4. Verify cluster health
Determine your cluster topology and run the appropriate checks:
kubectl exec -it "$PRIMARY_POD" -n openstack -- mariadb -u root -p"$MARIADB_ROOT_PASSWORD" -e "
SHOW STATUS LIKE 'wsrep_cluster_size';
SHOW STATUS LIKE 'wsrep_cluster_status';
SHOW STATUS LIKE 'wsrep_ready';"
Expected Values
| Variable | Expected |
|---|---|
wsrep_cluster_size |
3 |
wsrep_cluster_status |
Primary |
wsrep_ready |
ON |
How to identify your topology
Check the MariaDB CR spec:
- Returns
true→ Galera cluster - Returns empty/false → Primary/Replica (replication)

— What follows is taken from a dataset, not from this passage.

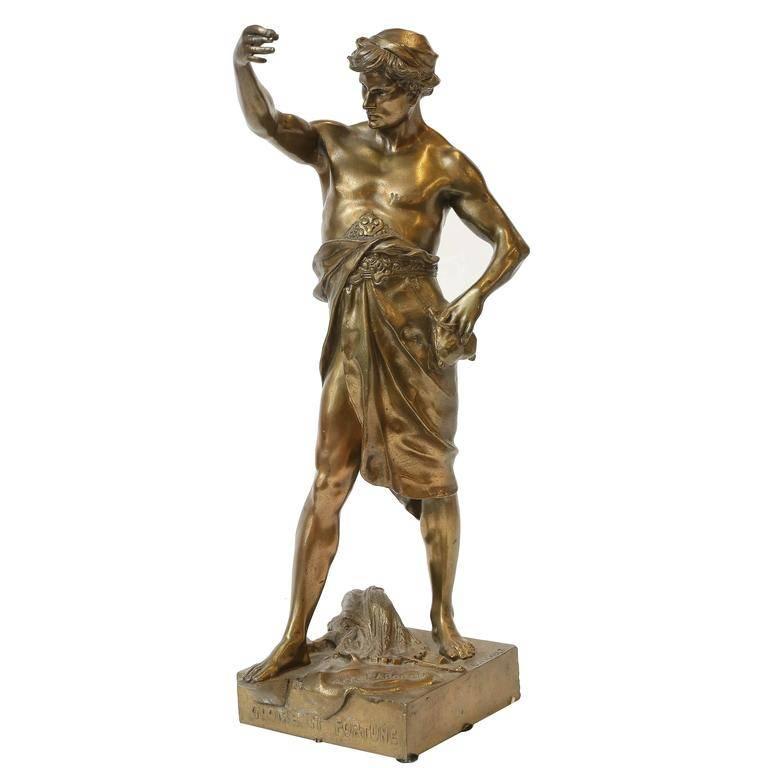Émile Louis Picault Figurative Sculpture - Gloire Et Fortune Per Laboren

5. Verify cluster and pod status
kubectl get mariadb -n openstack
kubectl get pods -l app.kubernetes.io/name=mariadb -n openstack
kubectl get mariadb -n openstack -o yaml | grep -B1 autoFailover #Read "Disclaimer" below
kubectl get crd | grep mariadb
Disclaimer
Only present on versions >= 25.10.4
6. Verify current operator, webhook, and MariaDB image versions
Per-Version Upgrade Procedure
Repeat this procedure for each version in the upgrade path. Version-specific notes are listed in the next section.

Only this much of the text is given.